I Did Not Support The Cause

Today is World Down Syndrome Awareness Day. It happens every March 21st. I used to pretend that I cared immensely about this, but I had to be honest with myself, and I stopped making it into something that I just don't get.

And this is where everyone in the world of DS that reads here looks at me in horror. And hovers over the little icon (wherever it may be) to remove me from their reading list.

But let me explain before you pass judgement. I'm not sure what "raising awareness" means. Call me dense, but most of the world knows what Down syndrome is, so we can't be making people aware of that, right? What are we making people aware of, then? That people with DS are just normal people? Except not? (Who is normal, though?)
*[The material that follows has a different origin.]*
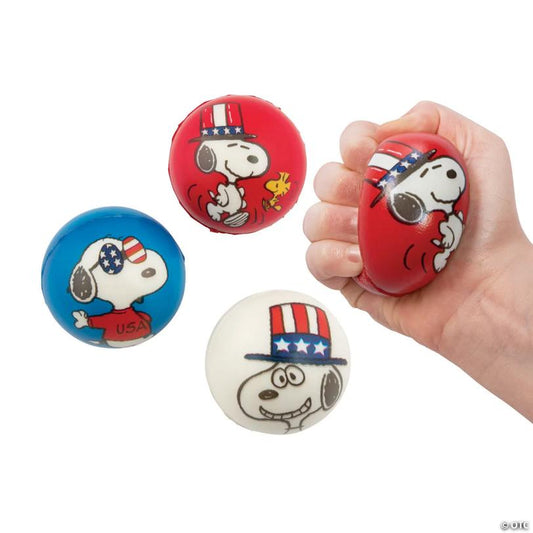Peanuts Snoopy Patriotic Stress Balls - 12 Pc.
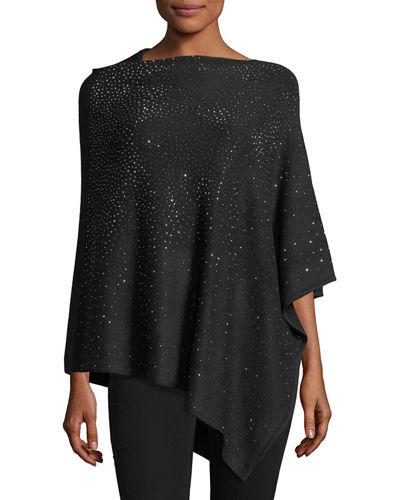 Sparkle Knit Poncho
In order to raise awareness, the movement of the day was to wear funky socks to draw attention to yourself. So that you could raise awareness. I get that interesting socks could be eye catching, and in the event that someone would ask about them rather than just look askance at you and think, "somebody needs to teach YOU how to dress," I'm not sure where I'd go from there. "I'm wearing these socks to raise awareness for Down syndrome," is an awesome thing to say. But I'm socially inept, and very slow with things like this. What would be the next line of that conversation?

Here's the thing. Everyone that knows me knows that I have a son with DS. Everyone that knows me is already more aware of DS than they were 10 years ago before Micah entered all of our lives. And that's exactly what he did. He's not just my son; Micah belongs to everyone who's ever met him. It's just his super awesome personality. And the best part is that everyone else with DS has that same super awesome personality, too. If you know someone with Downs, you'll never forget them. Ever.

I came to the conclusion years ago that there is absolutely nothing I can do to educate people about Downs. I can tell others that my son, and those like him, are some of the happiest people you'll ever meet. I can say that they're simply non-judgmental and accept everyone for who they are, and it's a wonderful thing. I can say that they're not petty, or catty, or vindictive. And for everything I could say, there are a dozen more things that I could never put a voice to. But everything I could say, or couldn't find a way to say, means nothing if you've never met someone with Downs. It's simply words, because you cannot comprehend something that can only be experienced.

I experience Down syndrome every single day. Some days I realize that we are the most blessed people on the face of the planet for being chosen to parent someone so amazing. And some days I wonder how I'm going to get through the day because that boy is trying my patience and it's all I can do to hold it together. Parenting Micah is just exactly like parenting any other kid. Except not. And that, too, is something that you just have to experience because it can't be explained.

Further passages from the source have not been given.